The studio where she works, Double Fine Productions, holds a game jam every year for two weeks. Many of the games that Double Fine has published were created during the Amnesia Fortnight game jams. In 2012, Double Fine opened the process up to the public to vote on the ideas. In 2014, Kipnis pitched a game called Dear Leader, and the voters rated it as the best idea. Kipnis felt she should have pitched earlier, but she held herself back. She didn’t think her ideas were fleshed out enough to pitch to anyone.
“This is a terrible reason not to make your own game,” she said. Kipnis’ suggestions to change this include encouragement and widening involvement in the creative process.

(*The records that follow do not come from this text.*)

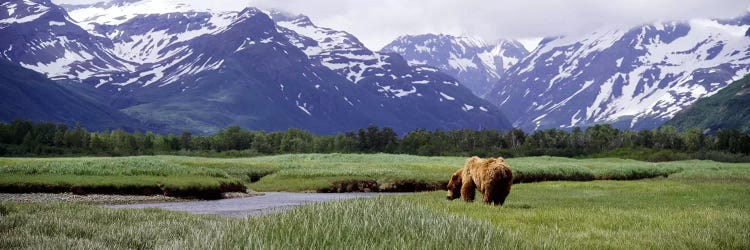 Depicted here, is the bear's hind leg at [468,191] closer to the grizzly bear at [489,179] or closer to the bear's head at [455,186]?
the grizzly bear at [489,179]

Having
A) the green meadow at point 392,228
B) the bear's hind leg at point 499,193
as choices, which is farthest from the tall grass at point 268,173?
the bear's hind leg at point 499,193

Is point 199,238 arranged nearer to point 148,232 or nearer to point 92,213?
point 148,232

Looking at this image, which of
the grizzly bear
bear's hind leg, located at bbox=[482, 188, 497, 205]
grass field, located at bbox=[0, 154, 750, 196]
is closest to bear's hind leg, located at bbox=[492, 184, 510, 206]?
the grizzly bear

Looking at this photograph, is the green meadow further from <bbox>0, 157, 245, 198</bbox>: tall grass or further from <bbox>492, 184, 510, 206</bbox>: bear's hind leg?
<bbox>0, 157, 245, 198</bbox>: tall grass

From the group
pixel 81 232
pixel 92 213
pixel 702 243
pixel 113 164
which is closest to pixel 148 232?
pixel 81 232

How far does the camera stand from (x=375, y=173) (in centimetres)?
6706

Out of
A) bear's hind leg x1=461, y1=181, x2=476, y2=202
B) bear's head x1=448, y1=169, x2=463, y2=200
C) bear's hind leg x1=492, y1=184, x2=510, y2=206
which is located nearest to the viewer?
bear's hind leg x1=492, y1=184, x2=510, y2=206

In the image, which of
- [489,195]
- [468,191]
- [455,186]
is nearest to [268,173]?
[455,186]

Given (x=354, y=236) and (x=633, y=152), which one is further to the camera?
(x=633, y=152)

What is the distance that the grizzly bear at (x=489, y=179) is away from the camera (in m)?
21.7

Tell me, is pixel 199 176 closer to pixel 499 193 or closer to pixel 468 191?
pixel 468 191

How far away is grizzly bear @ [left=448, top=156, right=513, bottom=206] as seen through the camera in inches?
854

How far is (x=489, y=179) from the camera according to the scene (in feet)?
71.9

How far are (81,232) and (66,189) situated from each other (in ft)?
110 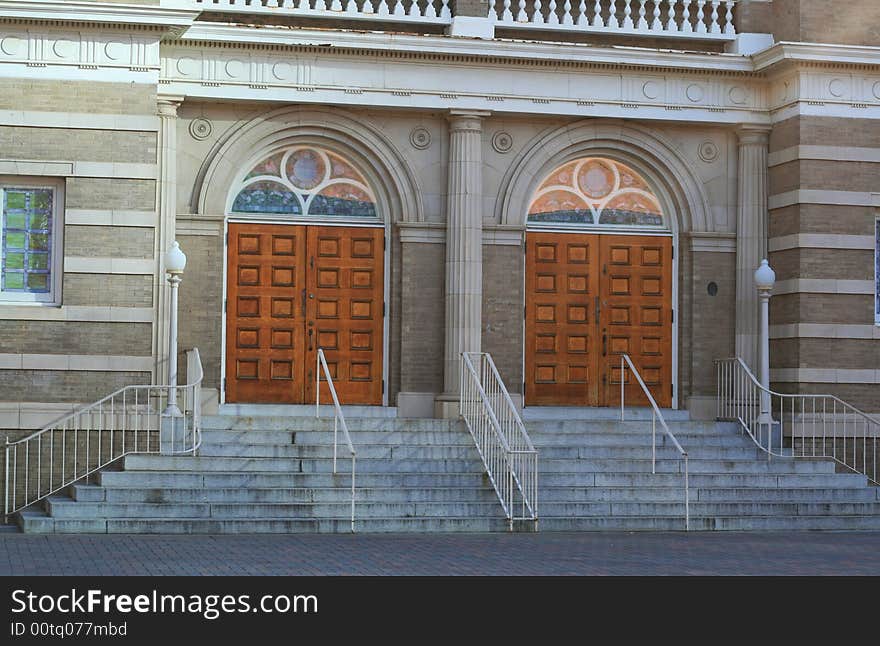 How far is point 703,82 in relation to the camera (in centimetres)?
2222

Adam Boyes, CEO of Iron Galaxy
Boyes gave the funniest of talk of the bunch. His talk was entitled “Be careful what you wish for,” with a bunch of slides that showed an image of what he wished for and what he actually got. He noted everyone has a dream, and he said this talk was the antithesis of the inspiring talk he gave about the gold rush.

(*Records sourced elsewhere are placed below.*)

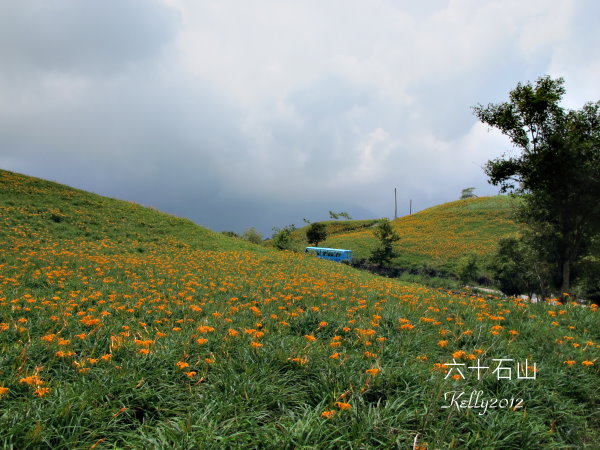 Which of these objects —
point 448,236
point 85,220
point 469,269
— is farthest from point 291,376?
point 448,236

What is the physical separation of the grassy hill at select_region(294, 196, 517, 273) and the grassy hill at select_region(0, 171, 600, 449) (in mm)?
22541

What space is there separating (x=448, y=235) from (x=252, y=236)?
26.0 m

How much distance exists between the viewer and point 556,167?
48.8ft

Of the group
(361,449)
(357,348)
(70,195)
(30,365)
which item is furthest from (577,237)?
(70,195)

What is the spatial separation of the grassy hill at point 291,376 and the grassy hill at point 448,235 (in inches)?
887

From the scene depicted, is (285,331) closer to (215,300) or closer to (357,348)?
(357,348)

“Your dreams are fucked,” he said. He noted how he wished for and got a puppy. He got one that ate the chocolate in a Christmas present, puked everywhere, and then ate the puke. Then the dog puked again, and the cat ate the puke. Taking this bad luck to gaming, he noted that you can get on a dream game development project, and then find out that the “code base is horse shit. Your dreams are crushed.”

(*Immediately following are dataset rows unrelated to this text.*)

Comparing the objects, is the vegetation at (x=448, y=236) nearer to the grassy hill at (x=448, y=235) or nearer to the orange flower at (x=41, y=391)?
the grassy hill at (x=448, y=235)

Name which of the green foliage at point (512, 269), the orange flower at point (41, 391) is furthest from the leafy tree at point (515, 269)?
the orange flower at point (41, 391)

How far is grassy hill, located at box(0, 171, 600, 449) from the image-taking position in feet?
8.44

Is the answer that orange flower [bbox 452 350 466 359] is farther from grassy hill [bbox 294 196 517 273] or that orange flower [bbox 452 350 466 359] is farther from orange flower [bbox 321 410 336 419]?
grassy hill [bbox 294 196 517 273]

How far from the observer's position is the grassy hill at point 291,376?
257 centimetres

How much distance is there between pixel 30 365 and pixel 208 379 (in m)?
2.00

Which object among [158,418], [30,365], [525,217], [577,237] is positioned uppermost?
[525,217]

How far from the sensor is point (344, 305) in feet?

Then you wish you were the boss, he said. Then you have to coach someone through a divorce. You have to give people raises or tell them why they’re not getting one. Leadership is lonely, he said. You can sell your game company for billions, and you wind up isolated. You wish for something new, he said, and “then you get this chucklefuck.” Dream big, he said, but be prepared, “because shit’s hard.”
Disclosure: The organizers of MIGS 2016 paid my way to Montreal. Our coverage remains objective.